⟨

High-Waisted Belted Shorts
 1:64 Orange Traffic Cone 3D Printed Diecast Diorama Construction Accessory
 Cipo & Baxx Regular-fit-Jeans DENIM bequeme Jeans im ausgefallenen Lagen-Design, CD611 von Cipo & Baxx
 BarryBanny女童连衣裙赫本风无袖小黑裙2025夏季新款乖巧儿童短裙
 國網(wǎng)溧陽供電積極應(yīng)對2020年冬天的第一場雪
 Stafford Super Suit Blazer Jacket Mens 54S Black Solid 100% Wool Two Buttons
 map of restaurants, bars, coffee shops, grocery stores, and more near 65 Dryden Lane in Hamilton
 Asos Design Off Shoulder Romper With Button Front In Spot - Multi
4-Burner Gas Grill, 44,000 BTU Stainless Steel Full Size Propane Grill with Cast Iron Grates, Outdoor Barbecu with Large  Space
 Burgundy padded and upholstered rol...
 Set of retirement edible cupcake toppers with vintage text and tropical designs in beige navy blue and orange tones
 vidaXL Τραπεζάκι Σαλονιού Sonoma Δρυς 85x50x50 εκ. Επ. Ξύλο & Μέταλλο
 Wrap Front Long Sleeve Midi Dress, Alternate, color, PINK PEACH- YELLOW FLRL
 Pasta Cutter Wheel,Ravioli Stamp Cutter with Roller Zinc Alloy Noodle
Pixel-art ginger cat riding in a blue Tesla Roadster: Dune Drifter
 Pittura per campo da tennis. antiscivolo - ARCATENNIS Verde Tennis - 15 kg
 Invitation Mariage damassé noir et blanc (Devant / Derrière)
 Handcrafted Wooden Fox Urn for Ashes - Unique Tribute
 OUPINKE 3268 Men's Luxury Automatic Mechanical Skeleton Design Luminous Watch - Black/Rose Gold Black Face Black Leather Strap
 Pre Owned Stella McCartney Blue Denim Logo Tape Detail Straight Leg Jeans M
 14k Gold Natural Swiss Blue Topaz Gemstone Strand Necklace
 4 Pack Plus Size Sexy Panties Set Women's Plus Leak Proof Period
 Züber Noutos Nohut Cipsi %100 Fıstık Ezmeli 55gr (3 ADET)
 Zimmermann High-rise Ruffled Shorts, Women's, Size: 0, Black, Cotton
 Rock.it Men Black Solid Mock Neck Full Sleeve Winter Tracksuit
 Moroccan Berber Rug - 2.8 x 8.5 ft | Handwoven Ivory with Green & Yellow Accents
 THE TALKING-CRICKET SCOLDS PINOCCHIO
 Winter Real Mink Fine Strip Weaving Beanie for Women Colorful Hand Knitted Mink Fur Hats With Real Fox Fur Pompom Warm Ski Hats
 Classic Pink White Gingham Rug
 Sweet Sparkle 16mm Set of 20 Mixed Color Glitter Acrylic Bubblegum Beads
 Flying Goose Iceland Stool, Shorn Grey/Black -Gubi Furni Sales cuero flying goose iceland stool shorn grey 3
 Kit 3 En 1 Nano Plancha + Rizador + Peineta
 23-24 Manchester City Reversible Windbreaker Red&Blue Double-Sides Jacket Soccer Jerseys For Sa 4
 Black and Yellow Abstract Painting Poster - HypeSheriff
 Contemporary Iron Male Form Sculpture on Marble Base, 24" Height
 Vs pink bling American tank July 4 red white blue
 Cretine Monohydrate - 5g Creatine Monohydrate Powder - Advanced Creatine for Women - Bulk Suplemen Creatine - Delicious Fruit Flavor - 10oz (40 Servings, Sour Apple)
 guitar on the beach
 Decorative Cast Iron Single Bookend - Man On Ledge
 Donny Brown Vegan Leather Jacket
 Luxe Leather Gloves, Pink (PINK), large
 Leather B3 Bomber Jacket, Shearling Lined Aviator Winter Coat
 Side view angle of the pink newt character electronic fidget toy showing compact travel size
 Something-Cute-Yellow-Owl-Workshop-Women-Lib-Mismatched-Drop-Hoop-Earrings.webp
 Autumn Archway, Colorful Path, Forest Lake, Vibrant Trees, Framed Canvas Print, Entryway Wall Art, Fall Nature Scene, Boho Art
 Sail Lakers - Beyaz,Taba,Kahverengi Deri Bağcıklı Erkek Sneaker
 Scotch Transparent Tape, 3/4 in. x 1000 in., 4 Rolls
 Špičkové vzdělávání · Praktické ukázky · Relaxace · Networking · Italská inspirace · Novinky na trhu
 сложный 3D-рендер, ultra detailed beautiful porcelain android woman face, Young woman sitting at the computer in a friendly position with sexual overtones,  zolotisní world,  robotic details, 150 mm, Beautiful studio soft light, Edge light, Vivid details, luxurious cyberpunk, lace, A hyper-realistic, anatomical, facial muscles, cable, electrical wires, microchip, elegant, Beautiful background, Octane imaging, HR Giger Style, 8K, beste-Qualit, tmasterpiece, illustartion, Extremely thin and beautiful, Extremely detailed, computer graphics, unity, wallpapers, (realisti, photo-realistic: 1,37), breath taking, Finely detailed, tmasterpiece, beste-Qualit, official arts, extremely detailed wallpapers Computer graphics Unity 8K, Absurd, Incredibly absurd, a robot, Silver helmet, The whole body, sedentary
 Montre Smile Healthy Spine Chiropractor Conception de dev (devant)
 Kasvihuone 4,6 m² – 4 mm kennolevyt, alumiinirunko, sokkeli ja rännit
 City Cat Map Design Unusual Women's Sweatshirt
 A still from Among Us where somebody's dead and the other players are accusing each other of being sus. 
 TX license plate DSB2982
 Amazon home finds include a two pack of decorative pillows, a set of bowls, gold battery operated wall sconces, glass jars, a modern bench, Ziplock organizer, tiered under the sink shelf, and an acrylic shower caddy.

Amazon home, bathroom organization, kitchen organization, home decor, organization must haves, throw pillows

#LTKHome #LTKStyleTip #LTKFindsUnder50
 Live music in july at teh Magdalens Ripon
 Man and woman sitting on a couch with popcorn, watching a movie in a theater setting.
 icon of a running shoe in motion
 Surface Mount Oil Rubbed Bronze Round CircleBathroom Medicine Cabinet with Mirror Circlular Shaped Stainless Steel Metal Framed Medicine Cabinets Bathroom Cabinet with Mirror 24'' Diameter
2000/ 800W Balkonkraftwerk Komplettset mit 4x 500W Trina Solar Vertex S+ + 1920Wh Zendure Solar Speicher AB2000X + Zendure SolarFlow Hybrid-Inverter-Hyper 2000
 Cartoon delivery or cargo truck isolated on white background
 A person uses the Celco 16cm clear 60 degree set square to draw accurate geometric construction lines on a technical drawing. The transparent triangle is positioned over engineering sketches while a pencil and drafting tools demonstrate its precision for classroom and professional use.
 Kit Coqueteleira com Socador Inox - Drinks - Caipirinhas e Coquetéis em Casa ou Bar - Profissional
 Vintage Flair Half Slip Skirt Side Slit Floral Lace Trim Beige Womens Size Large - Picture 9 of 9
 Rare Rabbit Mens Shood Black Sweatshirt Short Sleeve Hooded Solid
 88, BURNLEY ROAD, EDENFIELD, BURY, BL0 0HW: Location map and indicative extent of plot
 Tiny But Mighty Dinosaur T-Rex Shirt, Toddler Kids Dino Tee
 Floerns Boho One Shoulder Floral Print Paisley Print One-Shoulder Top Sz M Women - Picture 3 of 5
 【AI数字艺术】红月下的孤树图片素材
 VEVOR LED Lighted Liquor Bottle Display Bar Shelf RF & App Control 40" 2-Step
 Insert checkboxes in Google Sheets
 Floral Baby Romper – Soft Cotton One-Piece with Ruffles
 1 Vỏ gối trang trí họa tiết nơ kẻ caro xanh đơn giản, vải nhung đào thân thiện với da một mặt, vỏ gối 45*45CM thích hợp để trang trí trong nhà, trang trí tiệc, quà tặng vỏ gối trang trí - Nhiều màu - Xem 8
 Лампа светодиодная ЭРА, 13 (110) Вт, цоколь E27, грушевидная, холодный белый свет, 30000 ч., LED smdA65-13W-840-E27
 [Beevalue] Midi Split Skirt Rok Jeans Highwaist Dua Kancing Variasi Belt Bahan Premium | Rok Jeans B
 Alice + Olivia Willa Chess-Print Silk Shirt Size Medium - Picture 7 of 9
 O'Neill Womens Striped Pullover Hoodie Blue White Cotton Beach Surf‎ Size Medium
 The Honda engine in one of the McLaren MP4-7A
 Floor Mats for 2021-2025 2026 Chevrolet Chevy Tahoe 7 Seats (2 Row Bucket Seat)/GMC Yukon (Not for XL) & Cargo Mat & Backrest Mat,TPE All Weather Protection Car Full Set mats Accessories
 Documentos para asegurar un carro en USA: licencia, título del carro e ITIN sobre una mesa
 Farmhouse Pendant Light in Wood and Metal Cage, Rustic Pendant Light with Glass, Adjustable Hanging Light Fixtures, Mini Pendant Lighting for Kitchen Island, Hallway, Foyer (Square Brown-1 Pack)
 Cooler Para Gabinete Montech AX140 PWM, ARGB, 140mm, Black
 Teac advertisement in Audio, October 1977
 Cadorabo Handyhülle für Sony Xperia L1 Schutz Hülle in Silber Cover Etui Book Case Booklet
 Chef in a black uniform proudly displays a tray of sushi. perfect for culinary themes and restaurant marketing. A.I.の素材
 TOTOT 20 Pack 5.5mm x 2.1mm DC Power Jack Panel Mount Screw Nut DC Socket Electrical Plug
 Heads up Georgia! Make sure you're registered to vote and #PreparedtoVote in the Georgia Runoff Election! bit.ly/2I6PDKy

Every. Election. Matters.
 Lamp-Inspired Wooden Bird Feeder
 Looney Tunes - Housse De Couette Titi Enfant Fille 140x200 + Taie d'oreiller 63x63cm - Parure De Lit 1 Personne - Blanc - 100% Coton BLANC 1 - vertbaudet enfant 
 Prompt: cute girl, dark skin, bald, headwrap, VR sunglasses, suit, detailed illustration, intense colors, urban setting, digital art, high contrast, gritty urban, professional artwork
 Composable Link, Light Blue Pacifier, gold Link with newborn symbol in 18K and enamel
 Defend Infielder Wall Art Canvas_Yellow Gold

⟩

Exercise instructions: Each line from the start of the listing above through the line containing "14k Gold Natural" should be copied exactly, please, with no other lines added.

Final answer:
High-Waisted Belted Shorts
 1:64 Orange Traffic Cone 3D Printed Diecast Diorama Construction Accessory
 Cipo & Baxx Regular-fit-Jeans DENIM bequeme Jeans im ausgefallenen Lagen-Design, CD611 von Cipo & Baxx
 BarryBanny女童连衣裙赫本风无袖小黑裙2025夏季新款乖巧儿童短裙
 國網(wǎng)溧陽供電積極應(yīng)對2020年冬天的第一場雪
 Stafford Super Suit Blazer Jacket Mens 54S Black Solid 100% Wool Two Buttons
 map of restaurants, bars, coffee shops, grocery stores, and more near 65 Dryden Lane in Hamilton
 Asos Design Off Shoulder Romper With Button Front In Spot - Multi
4-Burner Gas Grill, 44,000 BTU Stainless Steel Full Size Propane Grill with Cast Iron Grates, Outdoor Barbecu with Large  Space
 Burgundy padded and upholstered rol...
 Set of retirement edible cupcake toppers with vintage text and tropical designs in beige navy blue and orange tones
 vidaXL Τραπεζάκι Σαλονιού Sonoma Δρυς 85x50x50 εκ. Επ. Ξύλο & Μέταλλο
 Wrap Front Long Sleeve Midi Dress, Alternate, color, PINK PEACH- YELLOW FLRL
 Pasta Cutter Wheel,Ravioli Stamp Cutter with Roller Zinc Alloy Noodle
Pixel-art ginger cat riding in a blue Tesla Roadster: Dune Drifter
 Pittura per campo da tennis. antiscivolo - ARCATENNIS Verde Tennis - 15 kg
 Invitation Mariage damassé noir et blanc (Devant / Derrière)
 Handcrafted Wooden Fox Urn for Ashes - Unique Tribute
 OUPINKE 3268 Men's Luxury Automatic Mechanical Skeleton Design Luminous Watch - Black/Rose Gold Black Face Black Leather Strap
 Pre Owned Stella McCartney Blue Denim Logo Tape Detail Straight Leg Jeans M
 14k Gold Natural Swiss Blue Topaz Gemstone Strand Necklace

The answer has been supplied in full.